(Short web captions)
____________________

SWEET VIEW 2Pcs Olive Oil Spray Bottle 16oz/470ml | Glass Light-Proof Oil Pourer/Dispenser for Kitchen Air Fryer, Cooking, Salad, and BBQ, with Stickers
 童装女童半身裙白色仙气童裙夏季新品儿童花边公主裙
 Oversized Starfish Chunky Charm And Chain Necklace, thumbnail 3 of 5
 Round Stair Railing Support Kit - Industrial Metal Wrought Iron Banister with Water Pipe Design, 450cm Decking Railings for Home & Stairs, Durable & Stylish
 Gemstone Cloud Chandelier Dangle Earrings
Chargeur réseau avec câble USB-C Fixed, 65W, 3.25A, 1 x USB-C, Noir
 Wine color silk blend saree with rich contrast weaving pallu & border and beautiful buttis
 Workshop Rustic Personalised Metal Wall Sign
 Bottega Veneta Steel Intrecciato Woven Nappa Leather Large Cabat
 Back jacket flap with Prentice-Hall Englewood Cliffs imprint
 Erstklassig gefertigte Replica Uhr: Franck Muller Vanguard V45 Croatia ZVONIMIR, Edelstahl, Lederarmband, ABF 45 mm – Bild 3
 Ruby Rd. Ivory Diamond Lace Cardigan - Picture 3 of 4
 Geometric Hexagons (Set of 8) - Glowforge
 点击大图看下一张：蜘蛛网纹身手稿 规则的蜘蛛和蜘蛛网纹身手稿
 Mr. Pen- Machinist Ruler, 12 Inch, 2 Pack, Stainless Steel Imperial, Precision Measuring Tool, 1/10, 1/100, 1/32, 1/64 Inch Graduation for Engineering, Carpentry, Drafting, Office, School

____________________

### [Task objective]
The answer should be one number, the count of lines in the data that include the string "with".

### [Answer to the problem]
4